Repository files navigation

PyPI version License Colab example notebook Hugging Face Space Blog post

kvpress

Overview

Long-context inference is dominated by the cost of storing key-value (KV) caches whose size grows with the number of processed tokens. NVIDIA's original kvpress library introduced a consistent interface for "presses" that prune those caches during prefill. This fork keeps the public API intact while adding the features required for our paper Hold Onto That Thought: Assessing KV Cache Compression on Reasoning:

  • Every press can now act during decoding, which matters for reasoning traces that often exceed the prompt length.
  • Timing hooks, token counters, and CUDA memory statistics were added so we can compare latency and accuracy under tight cache budgets.
  • A new reasoning benchmark harness (reason/) covers eight public datasets plus AIME24/25, mirroring the study in the paper.
  • The LaTeX source for the paper itself lives in KV_Compression_Reasoning_Eval 2/ for transparency and reproducibility.

What changed in this fork?

  • Decoding-aware presses. BasePress gained compress_decoding, latency tracking, and CSV logging. This enables H2O, SnapKV-D, StreamingLLM, K-Norm, R-KV, ShadowKV, and the other 20+ presses to manage cache budgets throughout generation rather than only during prefill.
  • KVPressTextGenerationPipeline. The pipeline registers every press as kv-press-text-generation, handles chat templates, and exposes controls for max_new_tokens, context truncation, and cache reuse for multiple questions.
  • Reasoning evaluation harness. The reason/evaluate.py CLI loads GSM8K, MATH-500, FOLIO, DROP, StrategyQA, ReClor, CommonsenseQA, OpenBookQA, LogiQA, AIME24, and AIME25 from Hugging Face, formats prompts, and logs results to JSON with timing and compression ratios.
  • Cluster scripts and notebooks. reason/run_experiments.sh reproduces the sweep over cache budgets {128, 256, 384, 512} and 2k decoding limits. The original long-context benchmarks (evaluation/) and demo notebooks are kept untouched.
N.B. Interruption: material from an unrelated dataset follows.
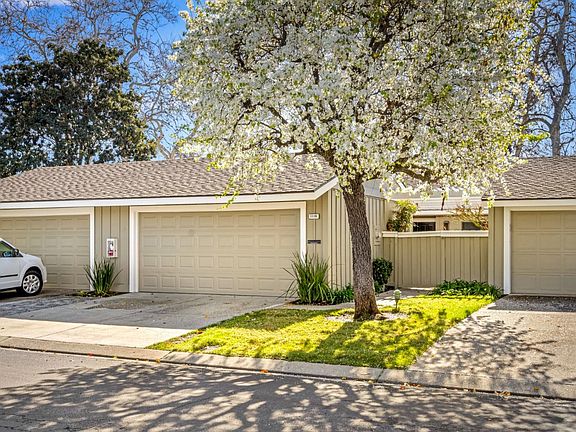 3rd image of 1116 Holly Oak Cir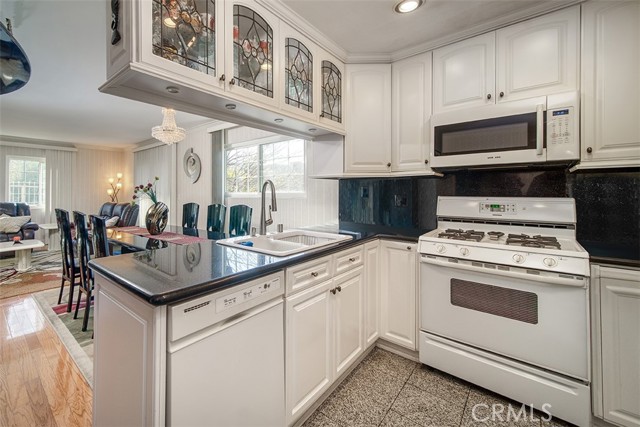 2 Bed Home for Sale in Studio City, California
Findings from Hold Onto That Thought

The full discussion is in the paper (source under KV_Compression_Reasoning_Eval 2/). A few practical takeaways:

  1. Llama-3.1-8B-Instruct does not have a single best press. H2O and StreamingLLM tend to do well on reading comprehension, while SnapKV-D is stronger on shorter prompts with long chains of thought.
  2. On reasoning-oriented models (Llama-3.1-Nemotron-Nano-8B-v1, DeepSeek-R1-Distill Qwen/Llama variants), attention-based heavy-hitter tracking dominates: H2O and SnapKV-D frequently match or exceed the uncompressed baseline even at 256-token budgets.
  3. At low budgets, cosine-similarity pruning (R-KV, K-Norm) can lengthen reasoning traces because they discard redundant intermediate steps, exposing a trade-off between cache size and total decoding cost.

Installation

PyPI release

pip install kvpress

This gives you the latest official NVIDIA release. It does not yet include the reasoning harness or decoding hooks.

From source (needed for the paper results)

git clone https://github.com/minghui-liu/kvpress.git
cd kvpress
pip install -e .

FlashAttention improves throughput for most models:

pip install flash-attn --no-build-isolation

Using a press in Python

from transformers import pipeline
from kvpress import H2OPress

model = "meta-llama/Llama-3.1-8B-Instruct"
model_kwargs = {"attn_implementation": "flash_attention_2"}
press = H2OPress(cache_budget=256)
press.latency = True  # collect timing stats

pipe = pipeline(
    "kv-press-text-generation",
    model=model,
    device="cuda:0",
    model_kwargs=model_kwargs,
)

context = "...long document..."
question = "Summarize the terms in plain English."
output = pipe(context, question=question, press=press, max_new_tokens=512)
print(output["answer"])
print(press.get_timing_metrics())

Tips:

  • Provide questions=[...] to reuse the compressed context across multiple queries.
  • Presses that need raw attention weights (ObservedAttentionPress, some research prototypes) require model_kwargs={"attn_implementation": "eager"}.
  • You can wrap with press(model): outputs = model.generate(...) if you prefer direct generate calls, understanding that the question tokens cannot be excluded from compression there.

Reasoning benchmark CLI

cd reason
python evaluate.py \
  --dataset gsm8k \
  --model deepseek-ai/DeepSeek-R1-Distill-Qwen-7B \
  --press_name h2o \
  --cache_budget 256 \
  --max_new_tokens 2048 \
  --num_samples 100 \
  --device cuda:0

Important flags:

  • --press_name: one of knorm, h2o, random, streaming_llm, rkv, rkv_lsh, or full. Add new presses to PRESS_DICT in reason/evaluate.py.
  • --cache_budget: target sequence length per head after pruning.
  • --fraction or --num_samples: subsample when debugging.
  • --max_context_length / --max_new_tokens: defaults follow the paper (2k decoding tokens). Each run writes prompts, responses, metrics, and telemetry to reason/results/<dataset>__...json. reason/README.md documents formatter/score snippets, and reason/run_experiments.sh shows the exact sweep used in the paper.

Repository guide

  • kvpress/: library code (presses, pipeline, attention patch, instrumentation).
  • reason/: reasoning benchmark CLI and dataset scripts.
  • evaluation/: original long-context benchmarks (LongBench, RULER, InfiniteBench, etc.).
  • notebooks/: demos including the Wikipedia compression walkthrough.
  • tests/: unit tests for selected presses.
  • KV_Compression_Reasoning_Eval 2/: LaTeX for the paper.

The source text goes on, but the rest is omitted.